STOPI is calculated in real time, updated in a preset short time
period and reported to an external display. Therefore, the
denominator is a constant reference torque, and the varying time
window corresponds to the fundamental frequency of the drill string
so as to provide a more reponsive and current solution. The STOPI
provides a good way for a human drilling operator or a computer
controller to visualize whether slip stick oscillations are
happening, and if yes, mitigate via human or computer
interventions.
[0009] It may be helpful to drilling personnel, particularly when
downhole measurements are not available, to establish an effective
measure of surface torque oscillations (STOPI).

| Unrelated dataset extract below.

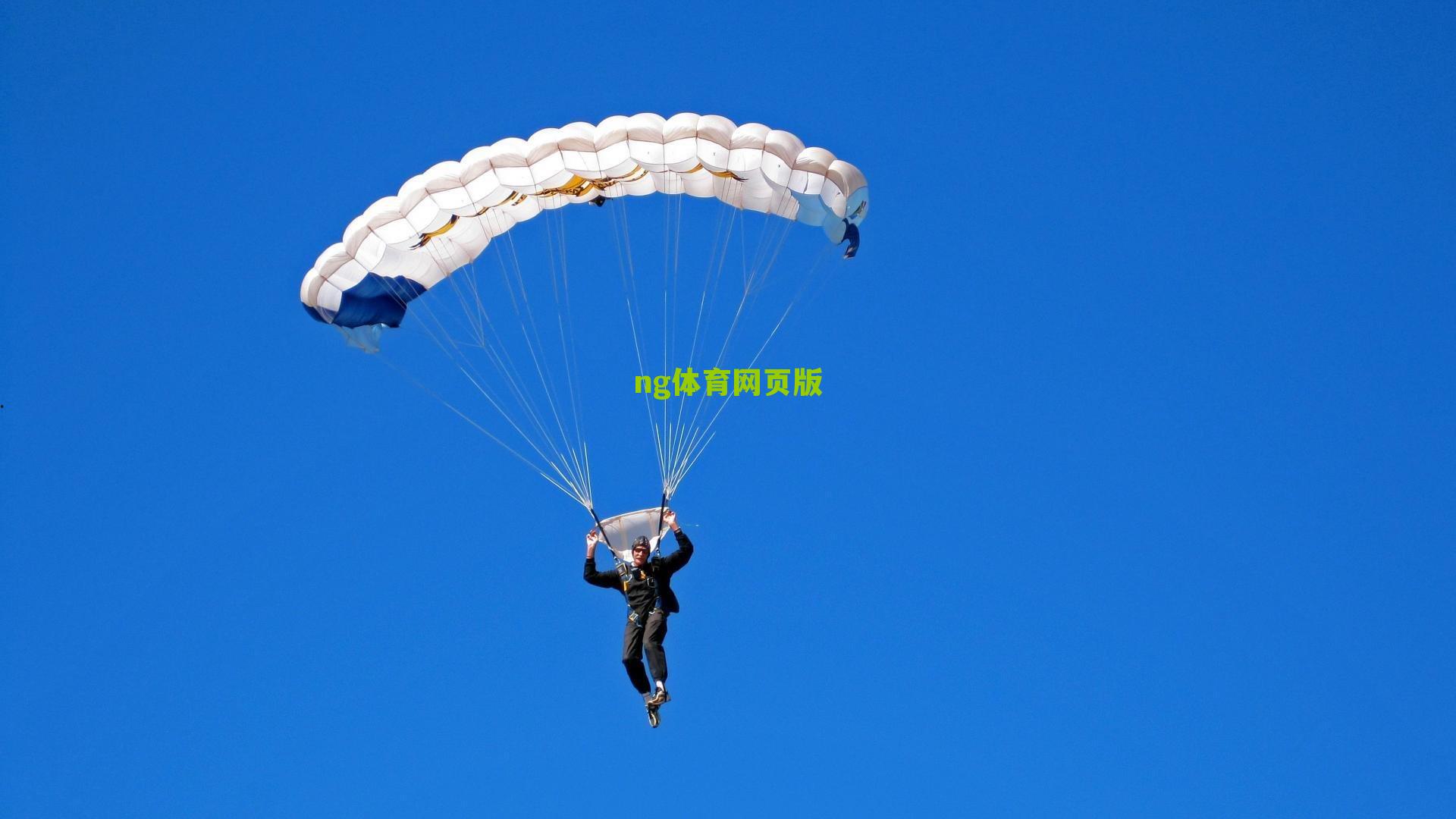 【ng体育app】2018年自由市场风云再起，洛杉矶或成勒布朗生涯下一站关键抉择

On aspect of the
invention is for drilling personnel to use STOPI to: (1) be aware
of how much the surface torque oscillates during drilling operation
and accordingly adjust the rotational speed, weight on bit, and/or
rate of penetration to improve the situation; (2) decide whether to
start, stop or modify slip stick mitigation controls, if the
drilling rig is equipped with slip stick mitigation controls; and
(3) provide a universal standard for performance comparisons
between drilling rigs and/or mitigation control algorithms.

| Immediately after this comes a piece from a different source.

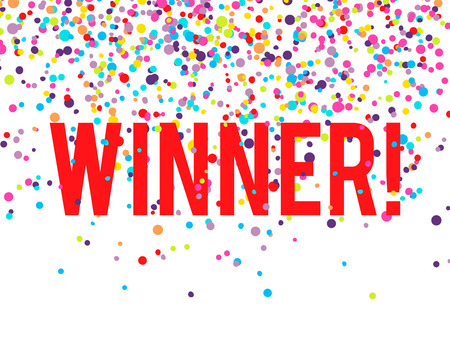 Image result for winning images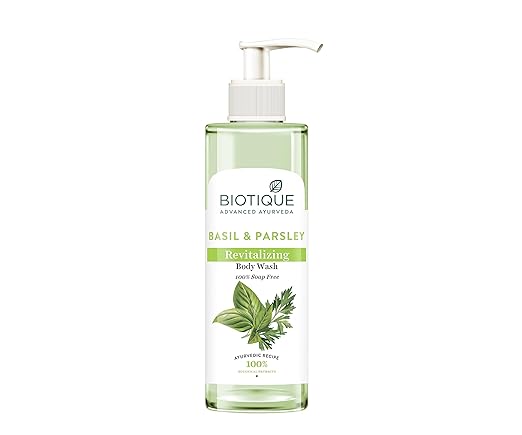 BiotiqueBasil_ParsleyRevitalizingBodyWash-sunshinebeautycenter-01.jpg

[0010] Another aspect of the invention is to provide a method for
drilling a wellbore with a drill rig, the method comprising:
rotating a drillstring and a drill bit with a drill rig drive
system; applying a weight of the drillstring on the drill rig;
measuring surface torque oscillations of the drill string,
comprising: determining a fundamental oscillation time period;
selecting a time window based on the fundamental oscillation time
period; collecting torque present value data of the drill string
for the selected time window; determining an amplitude of torque
oscillation from the collected torque present value data;
determining a reference torque; and dividing the determined
amplitude of torque oscillation by the determined reference torque
to obtain a surface torque oscillation performance index, whereby
the measurement of the surface torque oscillations of the drill
string is a fractional value to indicate the magnitude and severity
of surface torque fluctuations of the drilling string; and
modifying a drilling parameter based on the surface torque
oscillation performance index.
[0011] Another aspect of the invention provides a controller of a
drill rig system having a drillstring and a drill bit, the
controller comprising: a rotation receptor that receives a signal
corresponding to drillstring rotation speed at the drill rig; a
torque receptor that receives a signal corresponding to torque
applied to the drillstring at the drill rig; a processor; a
non-transitory storage medium; and a set of computer readable
instructions stored in the non-transitory storage medium, wherein
when the instructions are executed by the processor allow the
controller to measure surface torque oscillations of the drill
string by: determining a fundamental oscillation time period;
selecting a time window based on the fundamental oscillation time
period; collecting torque present value data of the drill string
for the selected time window; determining an amplitude of torque
oscillation from the collected torque present value data;
determining a reference torque; and dividing the determined
amplitude of torque oscillation by the determined reference torque
to obtain a surface torque oscillation performance index, whereby
the measurement of the surface torque oscillations of the drill
string is a fractional value to indicate the magnitude and severity
of surface torque fluctuations of the drilling string.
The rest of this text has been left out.